GRAND FORKS — Barring a miracle of Lazarus-like proportions, the Grand Forks County Wildlife Federation appears to be dead, the victim of changing times and an aging membership.
If an obituary of the club was to be written, it would include a lengthy list of accomplishments on behalf of wildlife and habitat.
Formed in 1947, the Grand Forks County Wildlife Federation was 70 years old.
“It’s in the process of being suspended, is sort of the operating term,” said Erik Fritzell, president of the Grand Forks County Wildlife Federation. “Basically, we haven’t been able to generate any interest in it.”
Fritzell said the club’s 25 to 30 paid members recently received a letter indicating the North Dakota Wildlife Federation would take over the local group’s assets, at least temporarily, with hopes someone would step forward to take up the cause.
“Whether it’s the Grand Forks County Wildlife Federation or it’s called something else is irrelevant,” Fritzell said. “We would provide our assets and let the North Dakota Wildlife Federation be the shepherd of that for a period, so that’s in progress.”
Wayne Beyer of Wahpeton, N.D., president of the North Dakota Wildlife Federation, confirmed the group’s executive board Wednesday, April 5, agreed to accept the Grand Forks club’s financial assets of about $9,000 and hold them in trust for three years.
“They’ll be sending us a letter, we’ll sign it and send them a check,” Fritzell said. “And then, if somebody wants to step forward and there’s some enthusiasm for something out there, there’ll be some money for a three-year period to help get that started.”
Fritzell said the wildlife club also is in the process of donating eight acres of land it owns near Kellys Slough National Wildlife Refuge to the state Game and Fish Department.
Beyer said he hopes another wildlife club can take up the reins in Grand Forks. If not, the North Dakota Wildlife Federation will take over the club’s financial assets for conservation work across the state, he said.
“(I’m) really hoping that another wildlife club gets going in Grand Forks,” Beyer said in an email. “It is highly desirable to have active sportsmen across the state.”
The Grand Forks County Wildlife Federation’s problems and challenges aren’t unique. Conservation-minded people today are more focused on annual banquets than local-driven wildlife club projects that require both time and money.
As with many local wildlife clubs, you’d be hard-pressed to find a member of the Grand Forks County Wildlife Federation younger than 50.

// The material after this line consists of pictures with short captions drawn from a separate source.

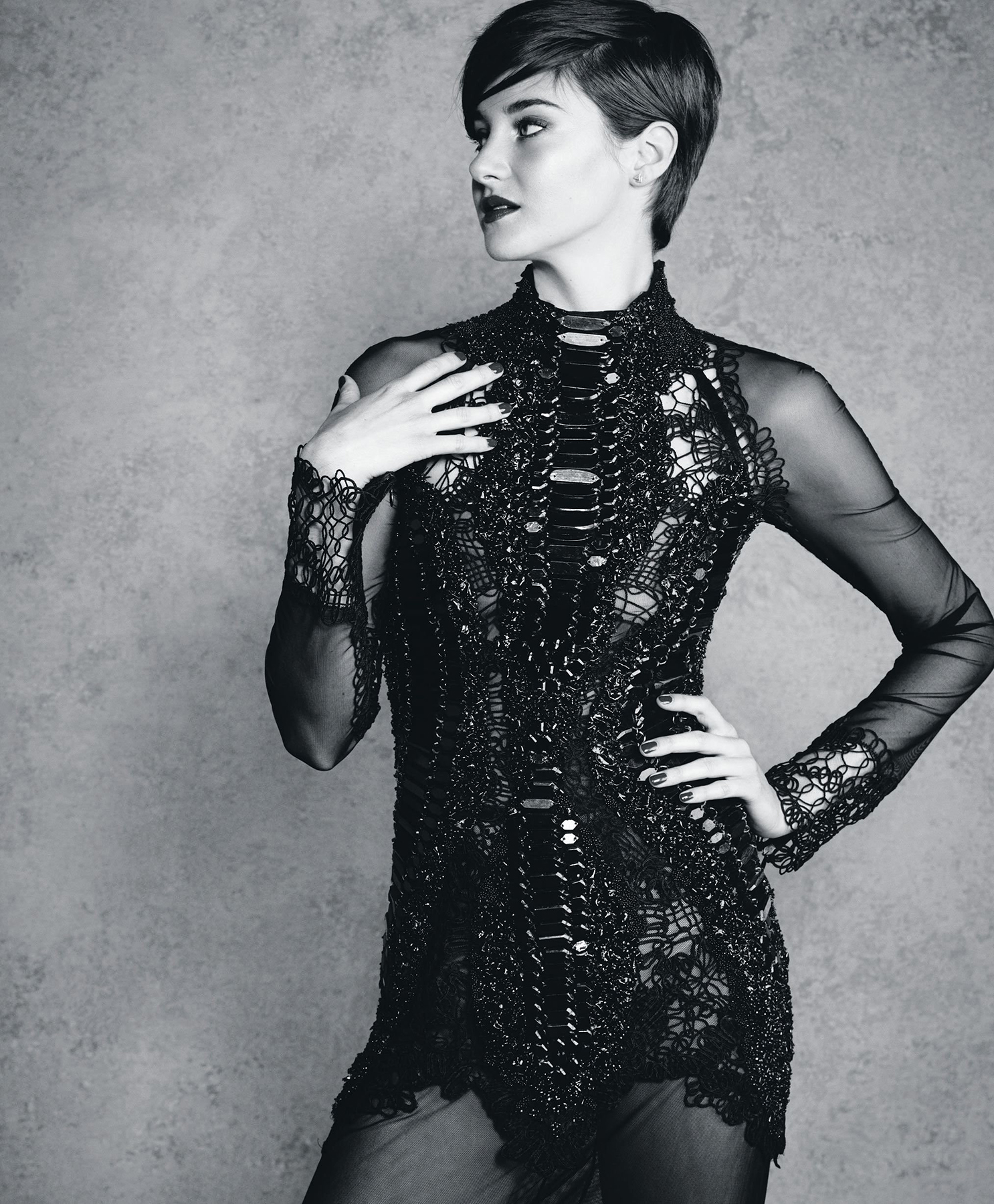 Shailene Woodley, photo #775881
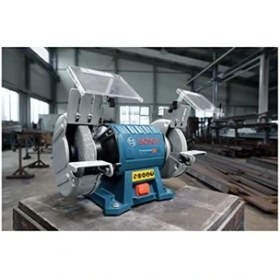 Resim River Professional Gbg 35-15 Taş Motoru (350 W, Disk Çapı: 150 Mm, 3.000 Dev/dak) 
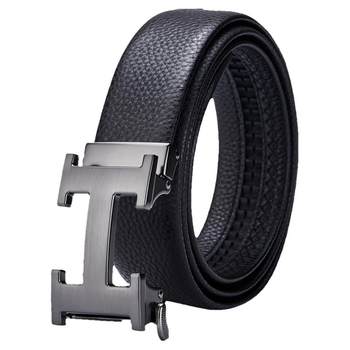 Men's belt for boyfriend and husband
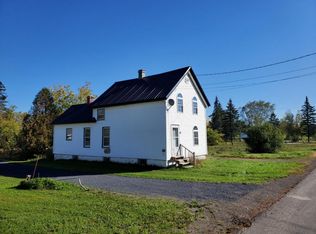 11 Station St, Bridgewater, ME 04735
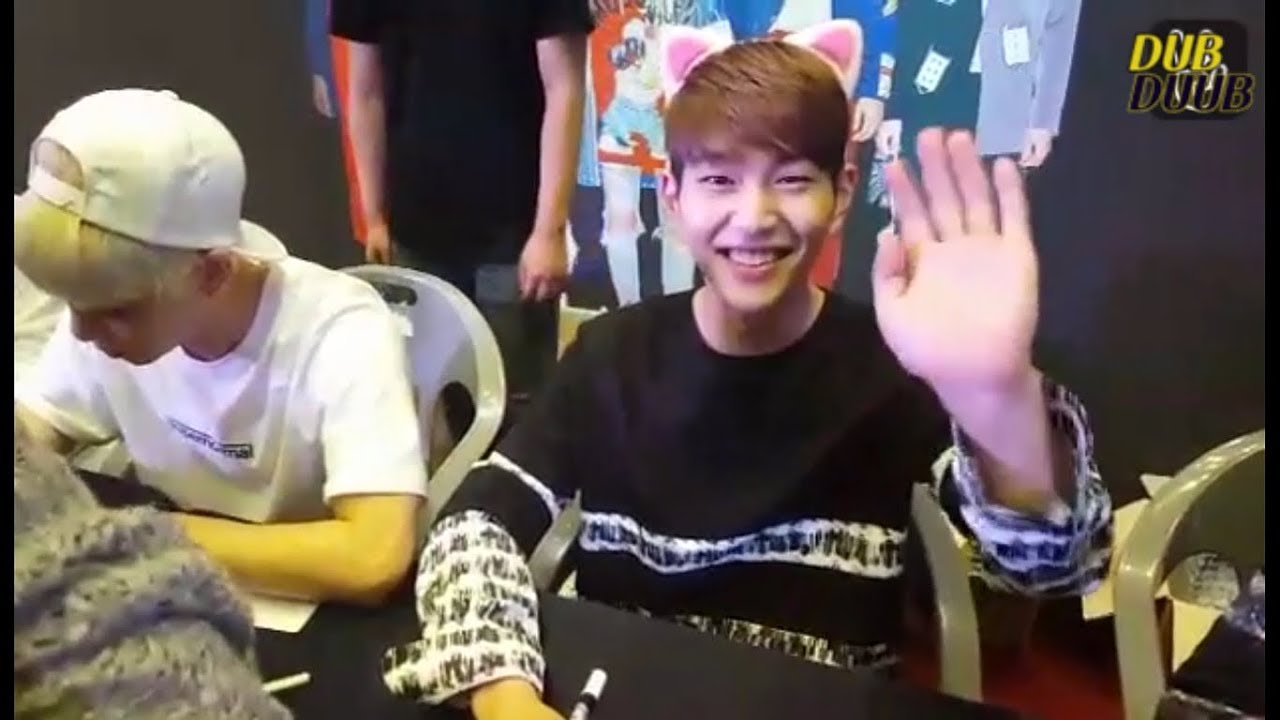 메리뮤 컴백브이앱 온유onew모음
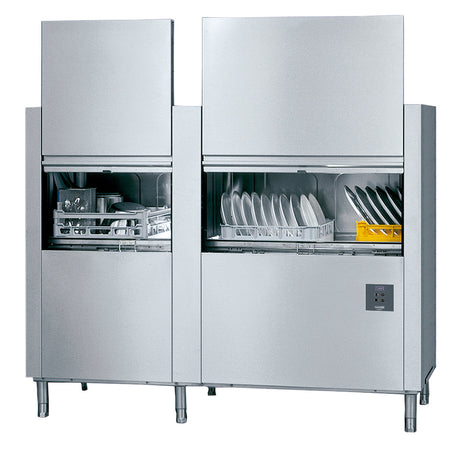 Minirack Dishwasher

“This is happening throughout the state and throughout the country,” Fritzell said. “Every affiliate of the North Dakota Wildlife Federation to some degree or another has its problems. Some are doing better than others, but it’s an aging population, and young people certainly don’t seem to be interested.
“We’ve tried to have meetings, and nobody shows up. People will support it with their money and membership to some degree, but people don’t have the time.”
Hunting and nature enthusiasts don’t have to go very far to enjoy the Grand Forks County Wildlife Federation’s efforts on behalf of wildlife and habitat in northeast North Dakota.
Perhaps most significant was its efforts to establish Kellys Slough National Wildlife Refuge in the 1970s. As I reported back in 2000, the wildlife club worked with state and federal agencies to get the refuge started.
The result of that effort is a national wildlife refuge that provides both wildlife and flood-control benefits.
The federation also worked with the North Dakota Game and Fish Department to re-establish prairie chickens west of Manvel. Sending kids to wildlife camps, erecting wood duck boxes, contributing to causes such as Sportsmen Against Hunger and helping with events such as Hooked on Fishing at Ryan Pond also stand out among the club’s notable ventures.
“There’s a lot of things the organization has done but it’s like, we’re all tired, and when you don’t have any sort of membership to boost things up, you lose your enthusiasm,” Fritzell said.
Fritzell said anyone with the time and ambition to get the club back on track — regardless of its name — can call him at (701) 610-3985 or send him an email at firstname.lastname@example.org.
“It’s been around a long time, and it’s done some very good things,” Fritzell said. “Certainly the Kellys Slough Project was a major effort. We could get together a pretty impressive list of activities.”
May those efforts never be forgotten.